## PROBLEM DETAILS
Repeat the records below exactly from the line containing "江建祥紫砂壶一套20x11cm，品相如图包老包手工很有收藏价值。-紫砂壶" to the line containing "Dower & Hall", taking in both of those lines. Drop the pictures.

## EXERCISE DATA
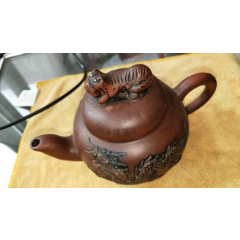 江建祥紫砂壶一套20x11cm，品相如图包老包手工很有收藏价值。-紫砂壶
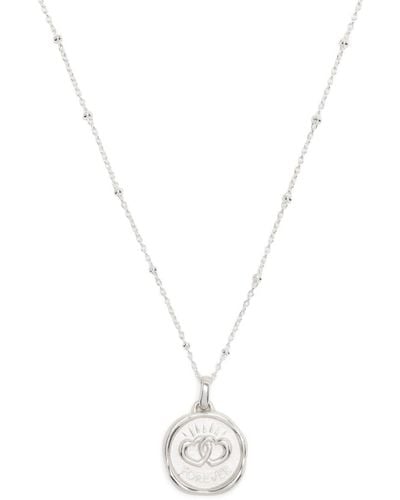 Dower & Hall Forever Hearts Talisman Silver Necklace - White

* * *

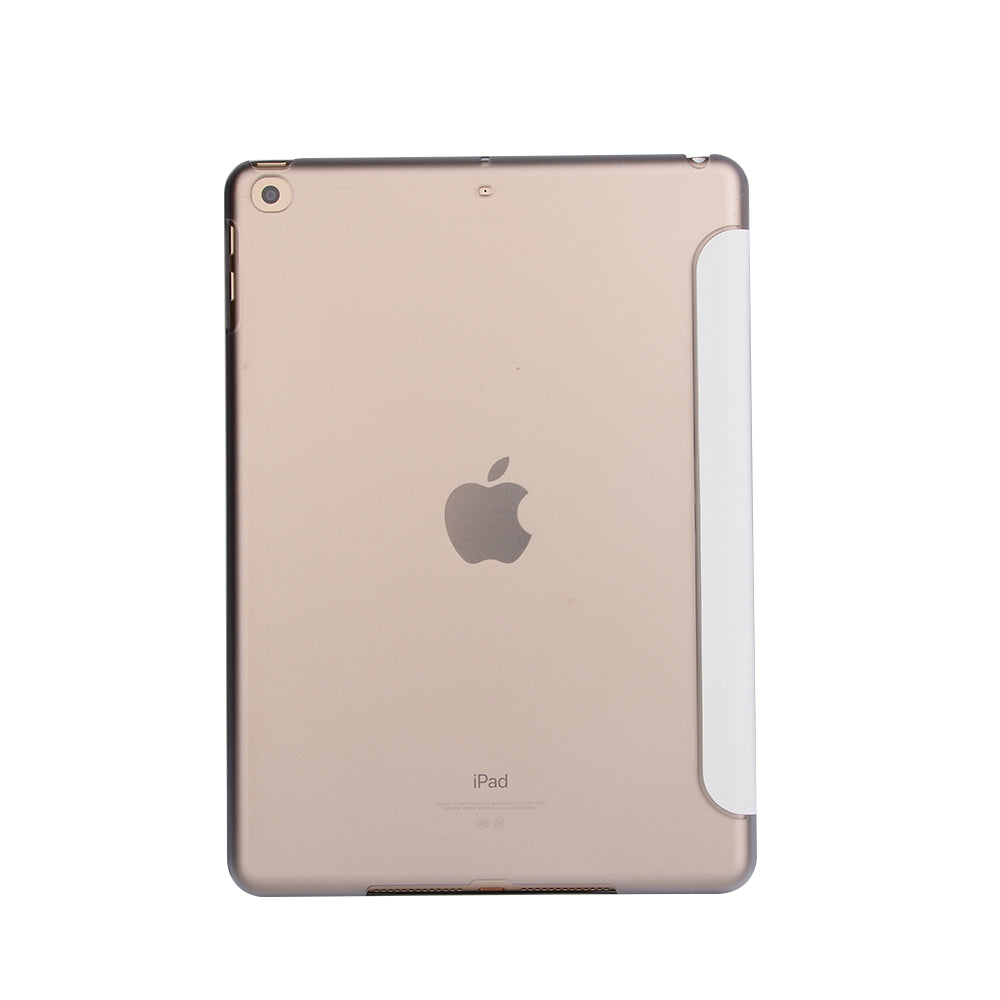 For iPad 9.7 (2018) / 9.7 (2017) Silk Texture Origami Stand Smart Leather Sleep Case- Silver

* * *

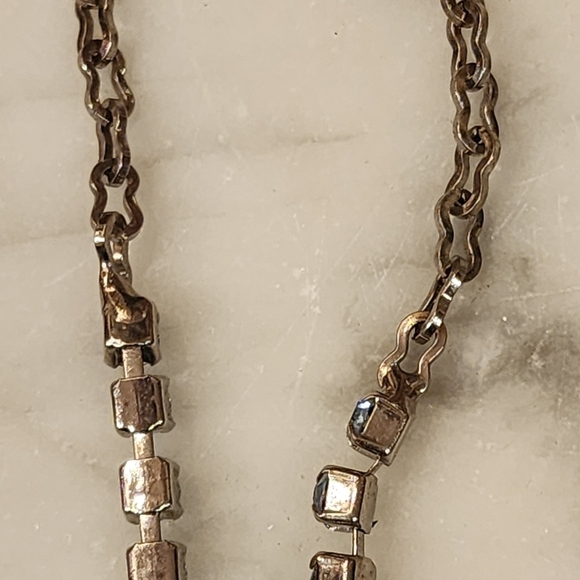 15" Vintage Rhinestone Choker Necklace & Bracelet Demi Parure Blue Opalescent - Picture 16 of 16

## TASK OUTPUT
 江建祥紫砂壶一套20x11cm，品相如图包老包手工很有收藏价值。-紫砂壶
 Dower & Hall Forever Hearts Talisman Silver Necklace - White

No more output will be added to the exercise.